Racing towards the expiry on Tuesday night, May 4, of his mandate to form a government PM Binyamin Netanyahu has reportedly gained parliamentary support from Yamina and the Arab Ra’am faction for the revival of a separate national vote for prime minister. The system was briefly introduced in 1996 when both major parties – Mapai/Labor and Likud – failed to cobble together viable coalition governments from assorted small fry factions. (Sounds familiar?) Netanyahu won the first direct vote in 1996 but his government collapsed in mid-term. Ehud Barak came next in 1999. His government lasted two years, after which, in the next election, he was beaten by Ariel Sharon, then leader of Likud. Sharon resorted to a unity government to eke out his party’s inadequate showing.
In 2001, the separate election for prime minister was scrapped and the previous system restored for the 2003 vote.

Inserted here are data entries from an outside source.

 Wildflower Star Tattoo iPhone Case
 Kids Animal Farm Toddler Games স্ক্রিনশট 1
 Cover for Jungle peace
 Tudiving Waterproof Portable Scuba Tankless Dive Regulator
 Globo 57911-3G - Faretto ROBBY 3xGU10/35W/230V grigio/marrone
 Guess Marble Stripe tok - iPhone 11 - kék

Resurrecting the direct prime minister’s vote now, in 2021, if approved by the Knesset, may or may not save the country a fifth general election in less than two years. If elected in this way, Netanyahu would be free to bypass the president for his mandate to rule and not have to rely on a Knesset majority to take office. But past experience shows that, given Israel’s surfeit of fringe parties, any winner of the direct vote would still have to struggle for a stable government or even its survivability.

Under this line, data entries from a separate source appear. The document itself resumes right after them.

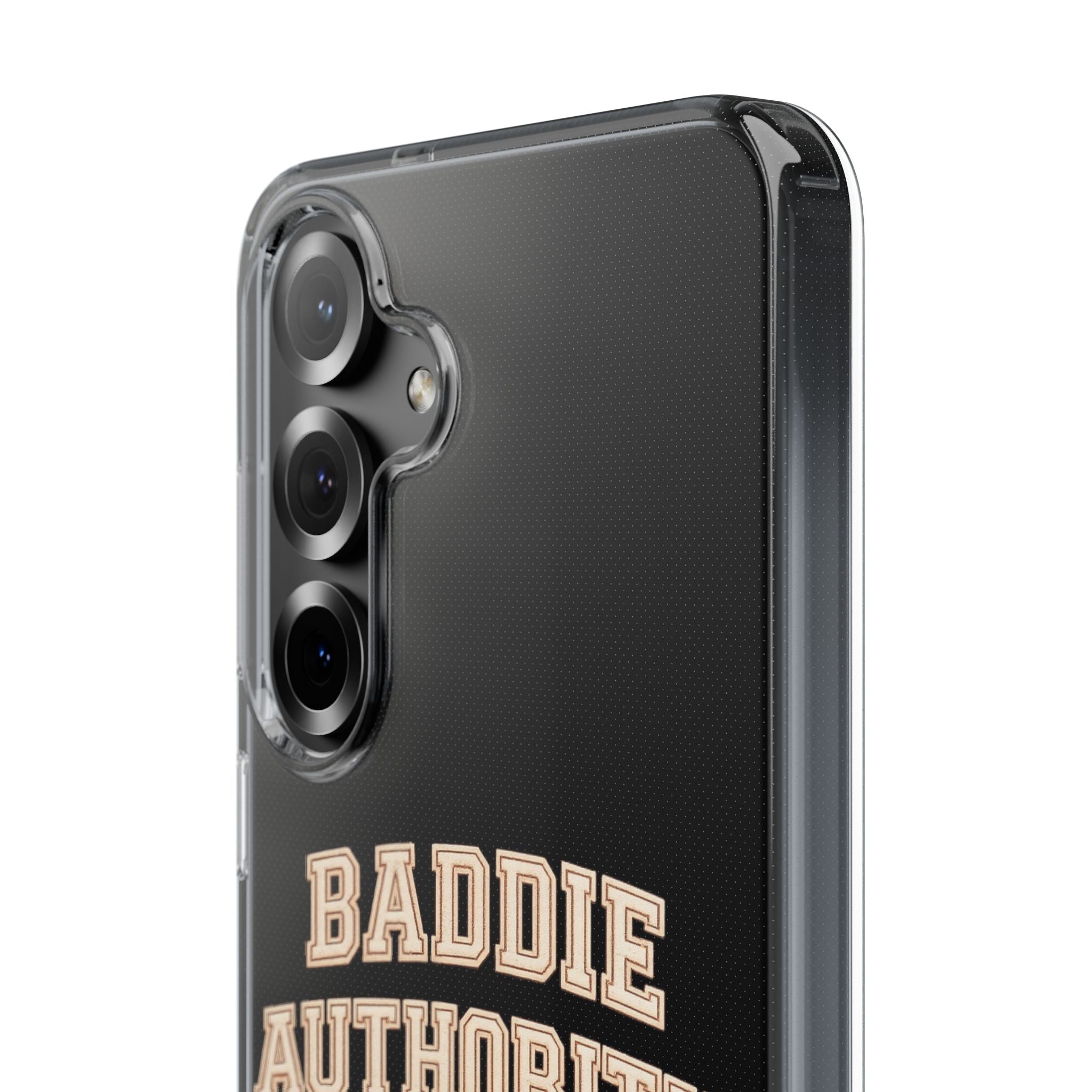 Baddie Authority• Clear Impact-Resistant Cases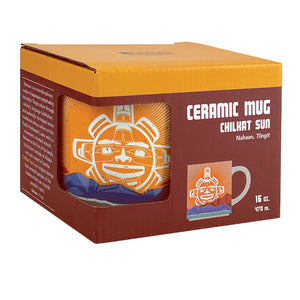 Ceramic Mug, Chilkat Sun 16oz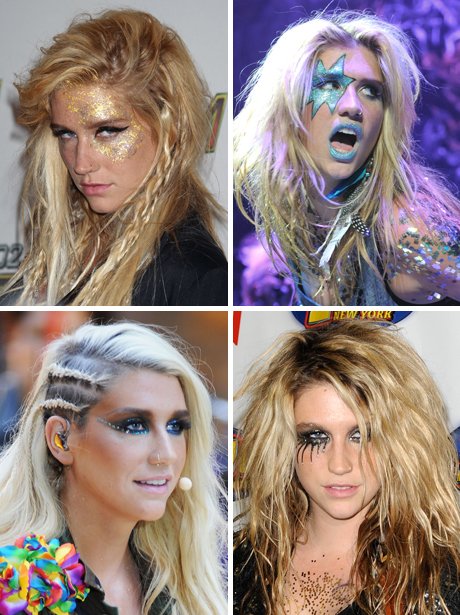 Ke$ha - Glitter (make-up)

Still, by this eleventh hour gambit, the Likud leader hopes to prevent the premiership mandate being handed by the president to opposition leader Yair Lapid.

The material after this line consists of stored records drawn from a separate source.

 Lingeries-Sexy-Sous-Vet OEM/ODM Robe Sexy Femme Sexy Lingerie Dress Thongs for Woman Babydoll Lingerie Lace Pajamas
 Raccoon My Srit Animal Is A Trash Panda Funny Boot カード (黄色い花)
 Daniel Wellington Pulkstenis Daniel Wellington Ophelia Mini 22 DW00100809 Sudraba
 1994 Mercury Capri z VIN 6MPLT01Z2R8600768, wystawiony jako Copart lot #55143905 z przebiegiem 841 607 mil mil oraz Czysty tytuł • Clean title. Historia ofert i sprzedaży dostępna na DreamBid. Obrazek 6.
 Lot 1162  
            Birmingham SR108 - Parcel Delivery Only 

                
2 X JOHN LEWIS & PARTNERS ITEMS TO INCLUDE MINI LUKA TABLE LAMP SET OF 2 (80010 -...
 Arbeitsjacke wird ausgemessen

However, with the country beset by a fresh surge of Palestinian terrorism, a US president determined to reach an accommodation with Iran, an investigation of the Meron disaster and the loss of 45 lives, Netanyahu may be counting on the voter choosing an experienced prime minister to lead the way out of proliferating crises. His corruption trial meanwhile advanced on Tuesday to the cross-examination stage of hostile witnesses.